Выбрать главу

К великому сожалению, письма Чехова к брату Александру из Таганрога утрачены. Но о характере их споров можно судить по его последующим письмам к брату. Теперь у Александра была своя семья, но… опять поток жалоб, вечные стенания, не проходящая раздраженность. Вновь Александр с головой в семейных дрязгах. Антон Павлович, с грустью глядя на эту неприглядную картину, все делает, чтобы помочь брату, чтобы пробудить в нем чувство собственного достоинства и справедливости. Эта тема достигает своей кульминации в конце восьмидесятых годов.

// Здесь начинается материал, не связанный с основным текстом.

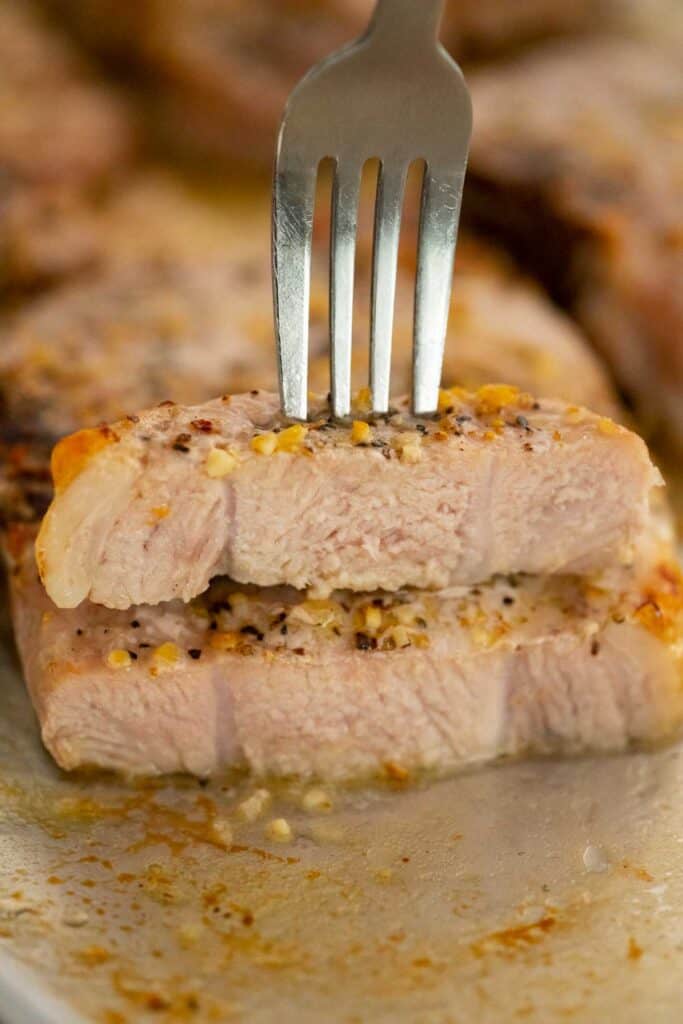 fork piercing piece of pork chop stacked on another pork chop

Антон Павлович говорит о невообразимых порядках, которые установил в своем доме Александр. "Постоянные ругательства самого низменного сорта, — пишет Антон Павлович, — возвышение голоса, попреки, капризы за завтраком и обедом, вечные жалобы на жизнь каторжную и труд анафемский — разве все это не есть выражение грубого деспотизма?.. Тяжелое положение, дурной характер женщин, с которыми тебе приходится жить, идиотство кухарок, труд каторжный, жизнь анафемская и проч. служить оправданием твоего деспотизма не могут. Лучше быть жертвой, чем палачом".

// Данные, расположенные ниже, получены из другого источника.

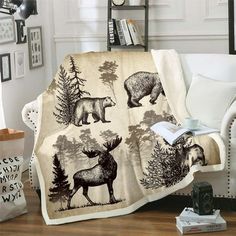 a living room with a white couch covered in a bear and moose print throw blanket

В этом же письме неожиданное и убийственное для Александра напоминание о деспотизме отца, который так яростно, так язвительно любил обличать Александр, напоминание о том, что именно деспотизм и ложь сгубили молодость их матери, исковеркали их детство "до такой степени, что тошно и страшно вспоминать. Вспомни, — пишет Антон Павлович, — те ужас и отвращение, какие мы чувствовали во время оно, когда отец за обедом поднимал бунт из-за пересоленного супа или ругал мать дурой. Отец теперь никак не может простить себе всего этого".

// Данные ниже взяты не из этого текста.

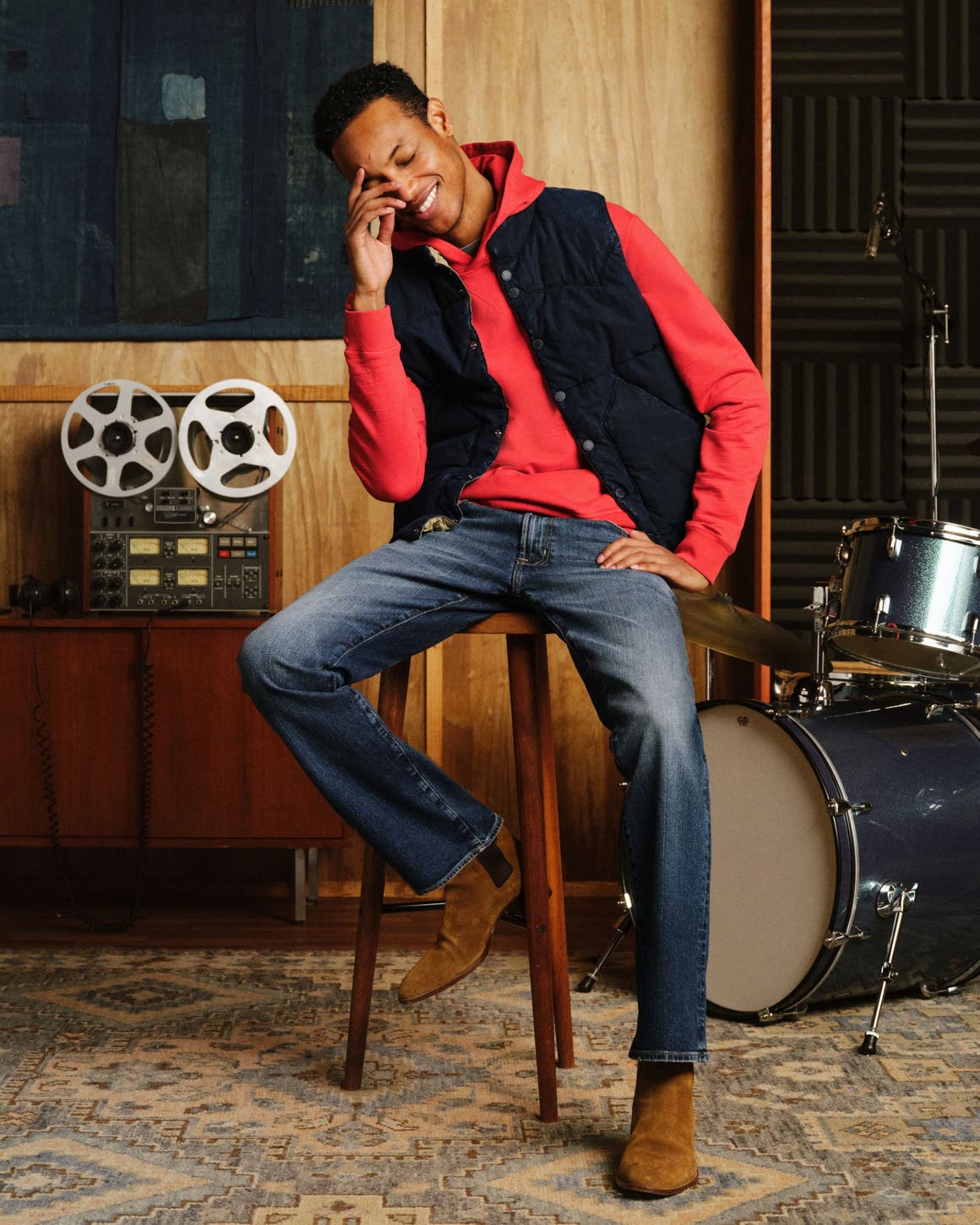 A man sitting down wearing ag denim, sweater, and vest.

Нет, Чехов, как видим, не хуже брата помнил о тяжелых сторонах своего детства, о деспотизме отца. Но… когда в конце семидесятых годов Александр слал в Таганрог письма, полные возмущения, негодования и издевок над родителями, Антон в первом же своем письме Михаилу Михайловичу, том самом, которое по совету Александра должно было бы быть возможно более развязным, обращался к своему двоюродному брату с просьбой оказать поддержку матери. "Будь так добр, — пишет Чехов, — продолжай утешать мою мать, которая разбита физически и нравственно… У моей матери характер такого сорта, что на нее сильно и благотворно действует всякая нравственная поддержка со стороны другого… Для нас дороже матери ничего не существует в сем разъехидственном мире, а посему премного обяжешь твоего покорного слугу, утешая его полуживую мать". И через два месяца, в новом письме, опять о своих родителях: "Отец и мать единственные для меня люди на всем земном шаре, для которых я ничего никогда не пожалею. Если я буду высоко стоять, то это дело их рук, славные они люди, и одно безграничное их детолюбие ставит их выше всяких похвал, закрывает собой все их недостатки, которые могут появиться от плохой жизни…"

Так уже в Таганроге определялось нравственное кредо Чехова. Его нравственные убеждения будут позже совершенствоваться и углубляться, но в основе своей они останутся неизменными.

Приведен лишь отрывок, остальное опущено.